Duck Soup Coop to close due to $60K debt
March 30, 2015
Duck Soup Coop, a cooperatively owned food market, will close due to being $60,000 in debt and the members’ belief that the business was not economically feasible.
The $60,000 included debt to vendors who would no longer fill orders, leaving the store with a depleted inventory, said Mylan Engel, president of the Duck Soup Coop board of directors. Engel estimated restocking the store would cost about $50,000.
Duck Soup Coop, 129 E. Hillcrest Drive, is a non-profit retail business owned by 120 board members whom vote and make all decisions concerning the business, said Patty Ruback, Duck Soup Coop board of directors member. The decision to close Duck Soup Coop was made Sunday at an emergency membership meeting held at the store.
“This is the third emergency general membership meeting in the last year and a half, all three of which have been called to determine whether Duck Soup Coop should remain in business,” Engel said.

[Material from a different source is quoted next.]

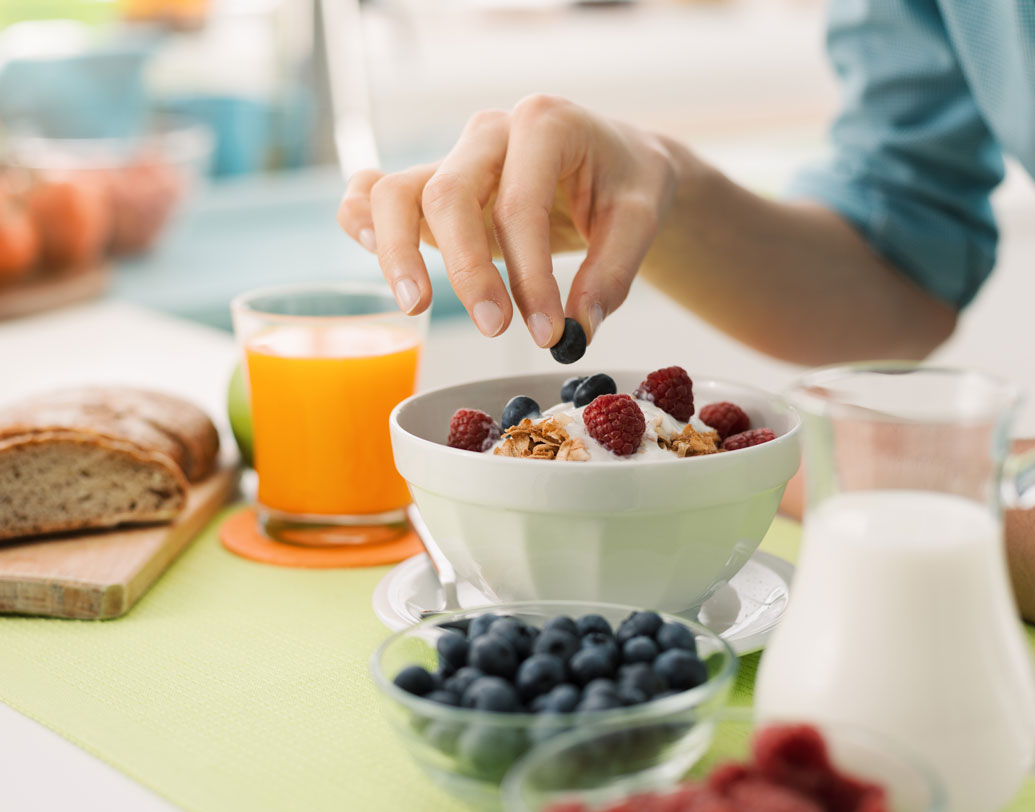 ছানা, অন্তত ১০০ গ্রামের ফল ও টকদই রোজ রাখুন পাতে। এক বাটি মুসুর ডাল অনেকটা প্রোটিনের জোগান দেবে, পেটও ভর্তি রাখবে। তাই এই সব খাবার থাকুক ডায়েটে।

The belief that the business was not feasible was supported by the first quarter sales from the last four fiscal years. Fiscal Year 2011 had $241,000 in sales, but sales fell to $150,000 in FY 2014.

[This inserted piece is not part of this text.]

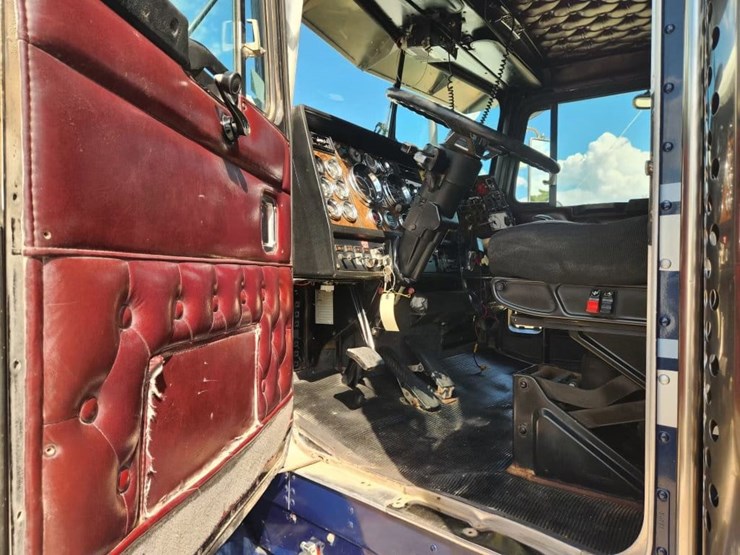 1995-kenworth-t800-image-6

Membership revenue has also dropped close to $48,000 since June 2010, Engel said.
Andrew Shepherd, member and clerk of Duck Soup Coop, said the food market takes pride in selling healthy, sustainable, fair trade, organic and gluten-free products.
Ruback, a co-op member for eight years, said she’s a vegetarian and she can’t find anywhere else that provides the products Duck Soup Coop has.

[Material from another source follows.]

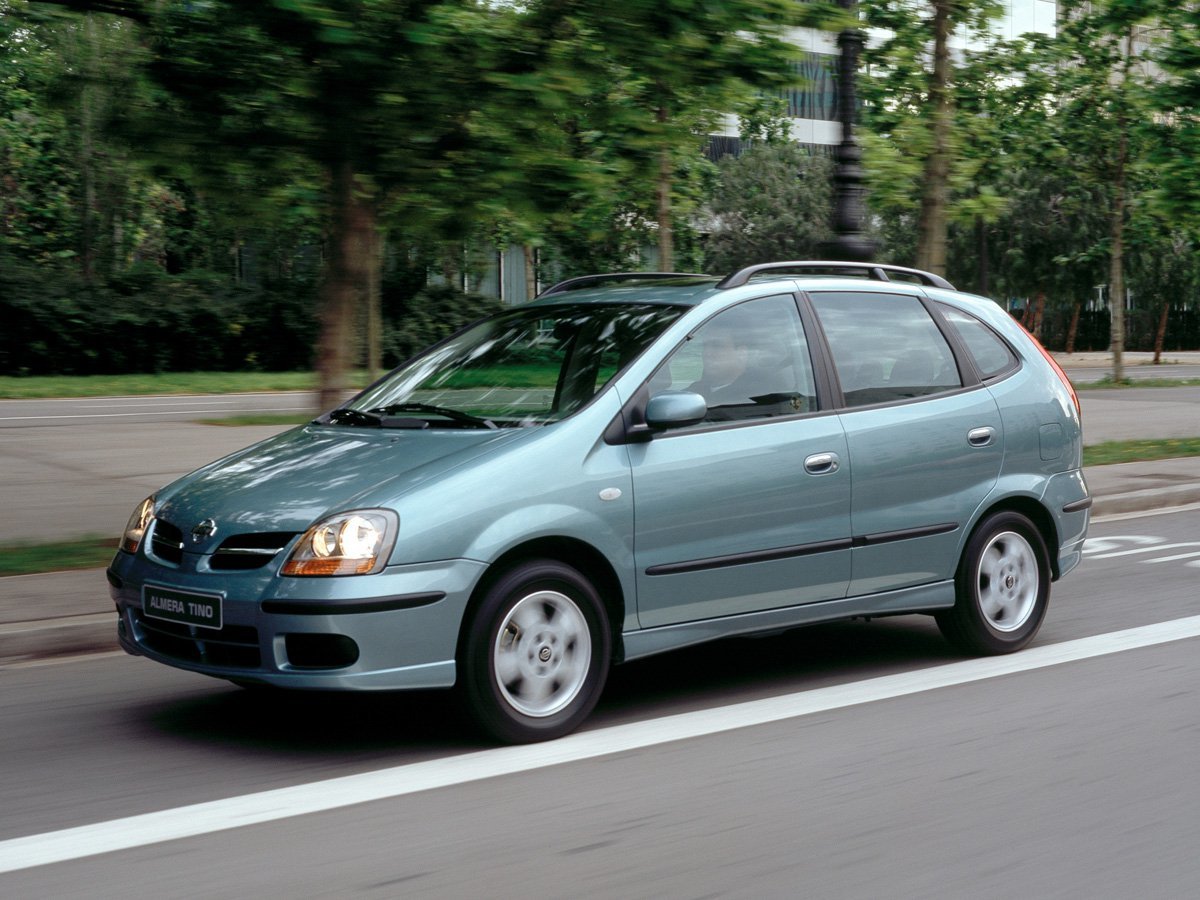 Nissan Almera Tino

“As a shopper in the area I loved the cooperative model and what it stands for, and I love having, you know, this my neighborhood whole foods grocer. And I don’t want to see it go, but … members have to decide, collectively,” Ruback said.
Engel presented the voting members with four options: raise $100,000 in two weeks, file for chapter 11 bankruptcy, file for chapter seven bankruptcy or carry out an orderly close outside the courts.
The vote to orderly close the store as soon as possible was supported by 36 voting members and opposed by three, fulfilling the two-thirds requirement.
“The main push was for organic and ethical products,” said Winifred Halsey, a member of the co-op since the 70s. “Now you see them in Hy-Vee and Jewel, so I think that would not have happened without a food co-op.
“These people led the way for it to become more mainstream. You can almost say our jobs are done.